NAME: Don Lobb
LOCATION: Caledon, Ontario
YEARS NO-TILLING: 17
YEARS ADVOCATING NO-TILL: 32
No-till is a whole lot more than planter modification.
That’s the first thing I learned when I gave the practice a try on my Ontario farm 8 miles inland from Lake Huron. To be successful at no-till, you must look at it in terms of your entire farming system.
When I decided to assess no-till on my farm in 1981, I approached it as a strategic process. I had been an innovator/early adopter before, and I knew the pitfalls of being on the leading edge.
In 1962, I had the first fully operational liquid hog manure setup in Canada. While the barn was touted as state-of-the-art, I experienced high losses and was operating in a technical vacuum. Few people had any idea my problems existed, much less how to solve them. The experts quickly disappeared and I was on my own.
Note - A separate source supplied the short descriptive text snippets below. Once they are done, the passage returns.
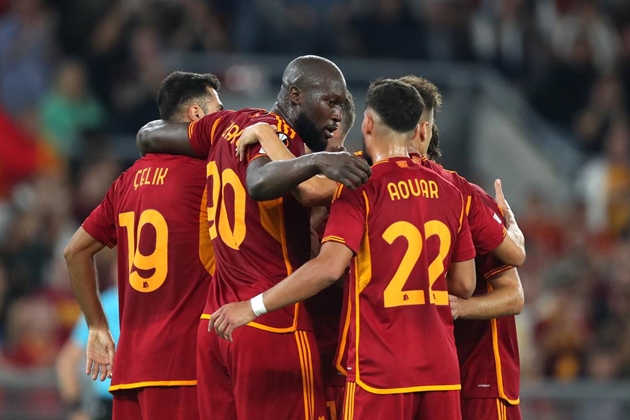 Jose Mourinho ca ngợi Lukaku sau chiến thắng dễ dàng ở Europa League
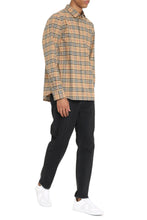 Carica l'immagine nel visualizzatore di Gallery, Camicia in motivo check
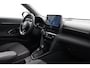 Toyota Yaris Cross 1.5 Hybrid 115 First Edition | Dodehoek detectie | Stoel-/stuurverwarming | Verwarmbare voorruit | Adaptive Cruise | Parkeersensoren voor/achter | Apple Carplay / Android Auto | Keyless | 17 inch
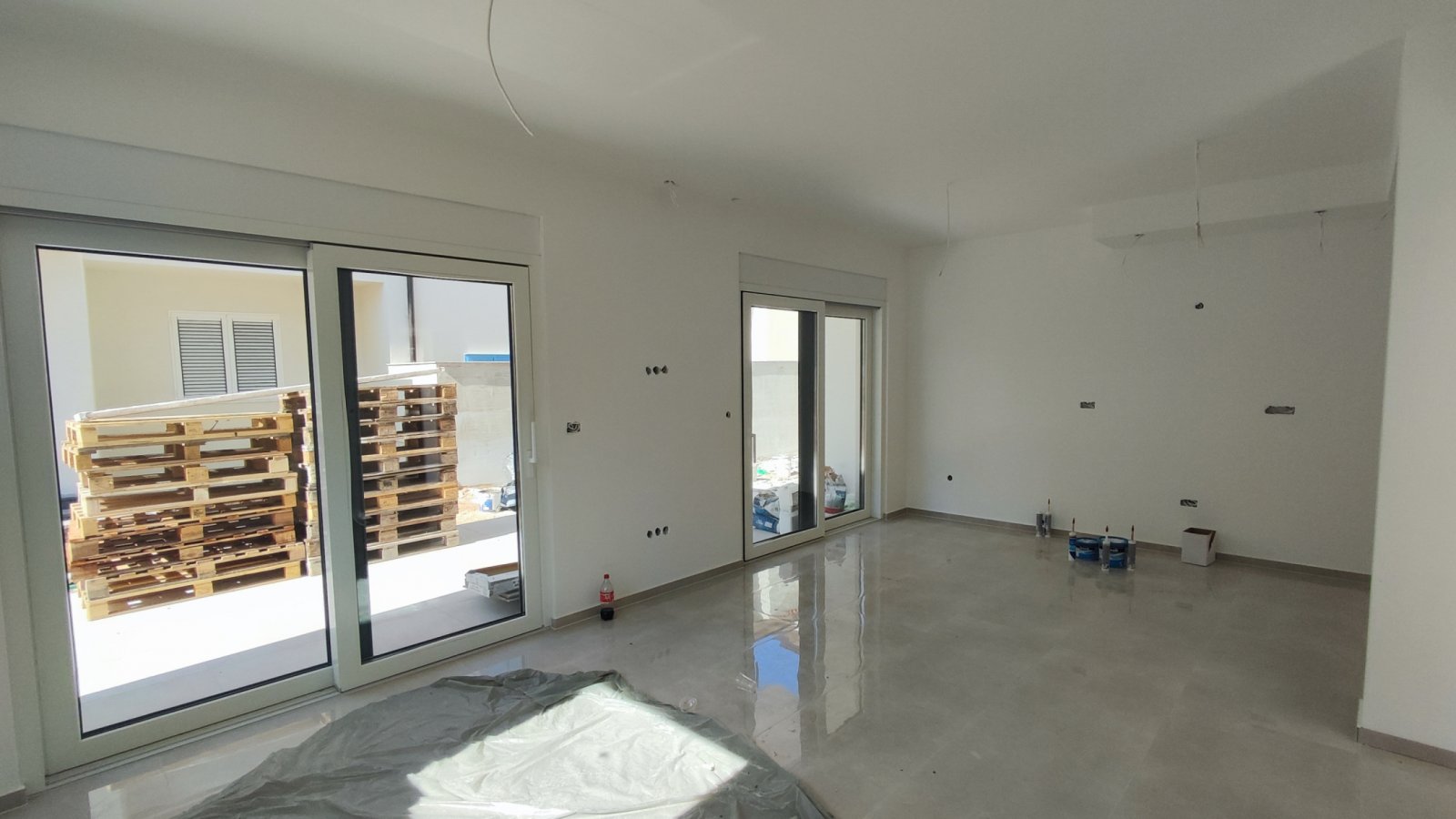 Модерна триетажна къща с гледка към морето само на 300 метра от плажа – Водице, Срима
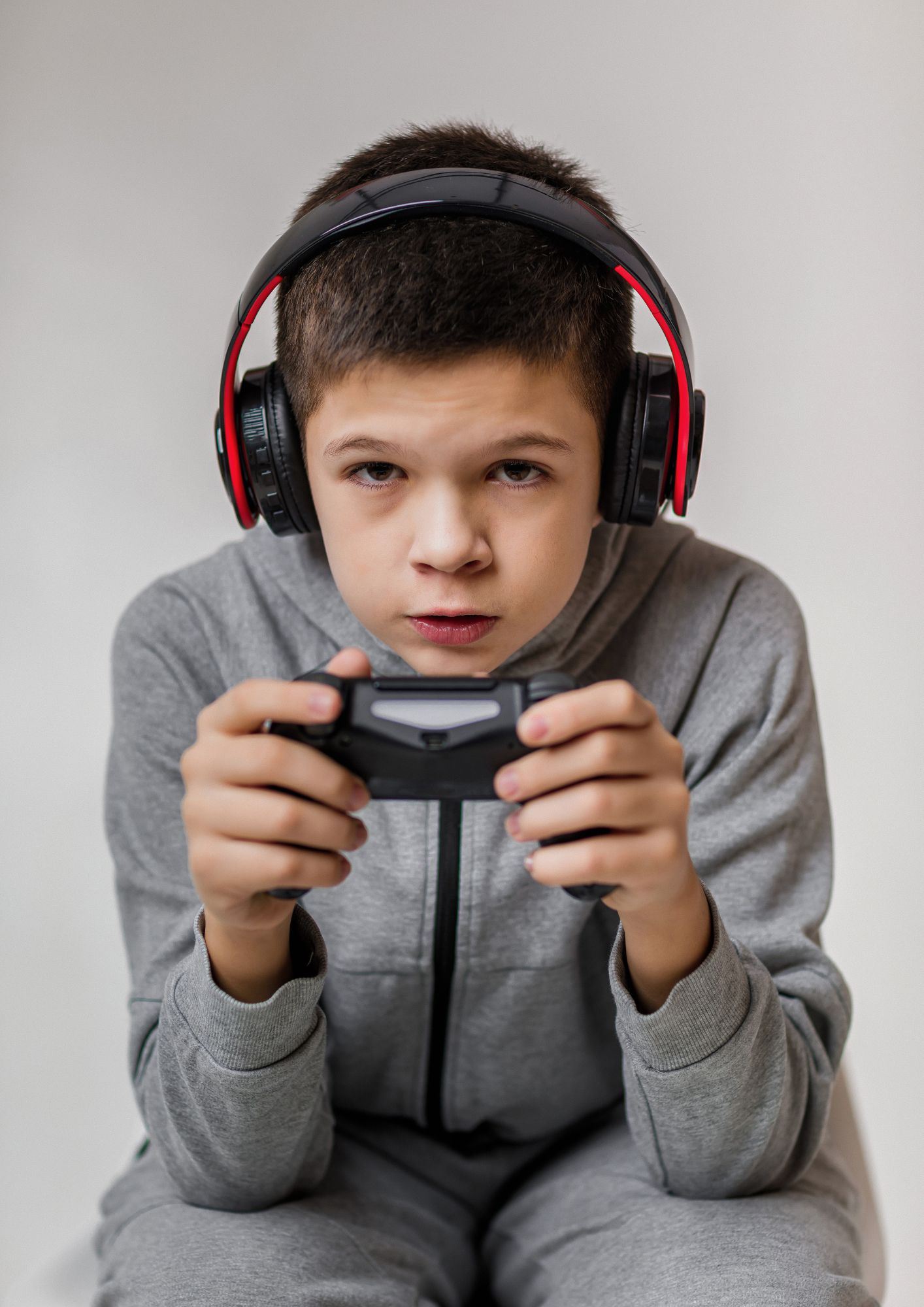 What do you do when you finish your homework? — I______.

1.  Play games 
2. Read a book 
3.  Draw something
I was alone struggling with the project, I was alone when I faced the banker, and I was alone in figuring out how to move past the mess. I was determined not to repeat this scenario with no-till.
Instead, I approached it scientifically. I decided that I would:
Study the agronomy of no-till on my farm before comparing it to a tilled system and making my final decision to adopt the practice.
Ensure that the people I engaged for technical support would be well informed.